News / Canada

Fort McMurray one year later: What evacuation experts learned from facing the 'worst case scenario'

Officials already implementing key takeaways from evacuation.

A wildfire rips through the forest 16 kilometres south of Fort McMurray, Alta., on highway 63 on May 7, 2016.

The Canadian Press

A wildfire rips through the forest 16 kilometres south of Fort McMurray, Alta., on highway 63 on May 7, 2016.

Improved inter-agency communication, more escape routes and the power of social media were three major emergency response takeaways from the devastating Fort McMurray wildfires.

When fire jumped the Athabasca River around noon on May 3, 2016, within two hours three communities – Beacon Hill, Abasand and Grayling Terrace – were ordered to evacuate.

Two hours later, a mandatory evacuation was given for all residents of Fort McMurray.

Tens of thousands fled south in bumper-to-bumper traffic as the fire enveloped the only major road out of the bustling Alberta city. Thousands more were sent north to relative safety in nearby oilsands camps.

Rapidly changing fire conditions due to fierce winds and historically dry conditions limited evacuation routes, and short notice created a nightmare scenario for emergency management officials.

“It was just the worst case scenario we could probably have,” said Jordan Redshaw, communications manager with the Fort McMurray Recovery Task Force.

Redshaw said they’re already putting in place measures to improve future response.
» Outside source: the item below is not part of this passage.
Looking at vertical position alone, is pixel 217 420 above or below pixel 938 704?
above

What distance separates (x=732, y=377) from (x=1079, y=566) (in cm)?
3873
Training exercises have already been conducted, closing gaps in future communication between different responding units – one of the areas they immediately identified for improvement.

Tim Haney, director of the Centre for Community Disaster Research at Mount Royal University in Calgary, said communication issues, especially in fire situations, isn’t uncommon.

“Fire is a really hard one to evacuate from,” Haney said. “It can move quickly or slowly. It’s very hard to give people advanced notice.”

The nature of communication between emergency units and then having that information relayed to the general public makes calling an evacuation tricky, Haney said. If you call an evacuation too early and it doesn’t come anywhere near people, they may not trust you next time.

“It’s a damned if you do, damned if you don’t scenario. If you call it too late, you’re putting people’s lives and property in danger,” Haney said.

A convoy of cars and trucks pass wildfires as they are evacuated from Fort McMurray, Alta., on highway 63 south of the city on Saturday, May 7, 2016.

Canadian Press file

A convoy of cars and trucks pass wildfires as they are evacuated from Fort McMurray, Alta., on highway 63 south of the city on Saturday, May 7, 2016.

One road out  

The fire also underscored the need for a second route out of Fort McMurray, something both Redshaw and Haney reiterated.

“Fort McMurray’s basically a one-road-in, one-road-out city. That’s just a nightmare for calling an evacuation,” said Haney, adding that most cities have multiple access points.

Redshaw said a second major entry point is being planned as one of the primary mitigation efforts coming out of last year’s fire. The Regional Municipality of Wood Buffalo has put forth $5 million for pre-design of the East Clearwater Highway.

“When fire hit the highway it definitely created a challenge on where to direct folks,” Redshaw said.

To date, the province hasn’t committed partnership funding for that project.

While social media was an obvious source of gathering and delivering information to its tech-savvy residents, Redshaw said they also learned how valuable it could be in deploying emergency resources.

They were sourcing out people who still needed assistance and those who needed to be checked on as the fire breached the city.

“We were actually using that to activate our municipal law enforcement or RCMP to actually go and look into those addresses,” Redshaw said.

Aside from using social media for logistics and information, Redshaw said they used it for emotional outreach to residents.

“It’s easy to forget, especially as a government organization, the importance of empathy when relating to the public. Just being honest and transparent about what you’re doing is critical to building trust with the community,” he said.

Haney noted University of Alberta research done after the Fort McMurray wildfire showed that people who followed the situation via social media were twice as likely to engage in a “helping behaviour” such as making a donation or volunteering.

Redshaw said there’s still more to learn from this disaster and how they can respond. The RMWB is expected to issue their official report on the wildfire, as is the provincial government, later this year.

Today, however, there’s a new expertise in handling a crisis of this nature – including all the lessons learned from last year’s devastating wildfire.

“The knowledge gained and the lessons learned … just to be able to work through that environment is exceptional in terms of the value,” Redshaw said.

The task of recovery holds lessons of its own. But, Redshaw said there’s a clear picture of what they want to achieve.

“There’s a collective motivation to do better. I think there’s a really big commitment here to get everyone back in their homes.”


About this series: every day this week Metro is going back to Fort McMurray, one year after the costliest disaster Canada has ever seen, to check in on the successes, challenges and future of rebuilding.